I conviventi di fatto possono disciplinare i rapporti patrimoniali relativi alla loro vita in comune mediante la stipula di un contratto di convivenza redatto in forma scritta a pena di nullità, con atto pubblico o scrittura privata con sottoscrizione autenticata da un notaio o da un avvocato. Successivamente, il professionista deve provvedere a trasmettere il contratto al Comune di residenza dei conviventi per l’iscrizione all’ufficio anagrafe.
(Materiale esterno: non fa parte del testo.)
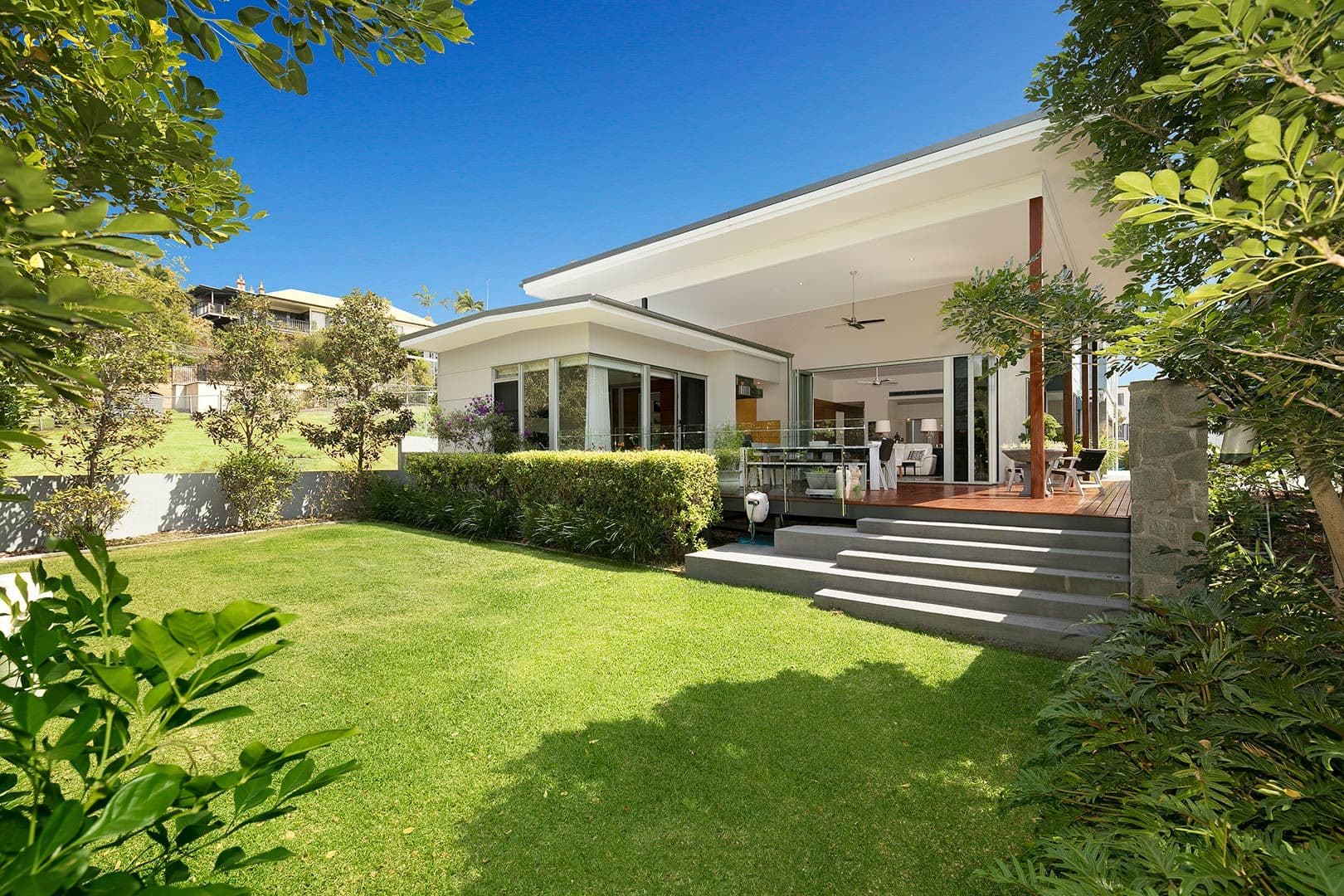 53 Welbeck Street, Alderley QLD 4051, Alderley - Image 1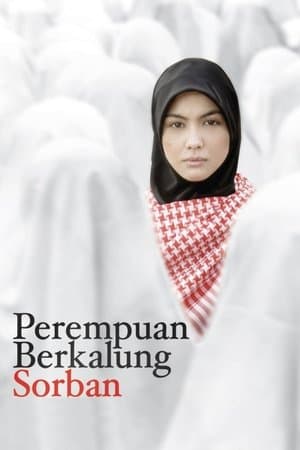 Perempuan Berkalung Sorban streaming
Il contratto può contenere:

  1. indicazione della residenza dei conviventi;
  2. modalità di contribuzione alle necessità della vita in comune, in relazione alle sostanze di ciascuno e alla capacità di lavoro professionale o casalingo;
  3. il regime patrimoniale della comunione dei beni, salvo diverso accordo tra i conviventi.

Il contratto non può:

  1. essere sottoposto a termine o condizione;
  2. essere concluso in presenza di un vincolo matrimoniale, di un’unione civile o di un altro contratto di convivenza;
  3. essere concluso da persone non maggiorenni; contratto da persone vincolate da rapporti di parentela, affinità, adozione oppure essere stipulato da più di due persone.

Le cause di risoluzione del contratto di convivenza sono le seguenti:

  1. accordo delle parti;
  2. recesso unilaterale;
  3. morte di uno dei conviventi;
  4. matrimonio o unione civile tra i conviventi o tra un convivente e altra persona.

Occorre, infine, evidenziare che qualora le parti decidano di risolvere il contratto di convivenza è necessario che si rivolgano ad un professionista.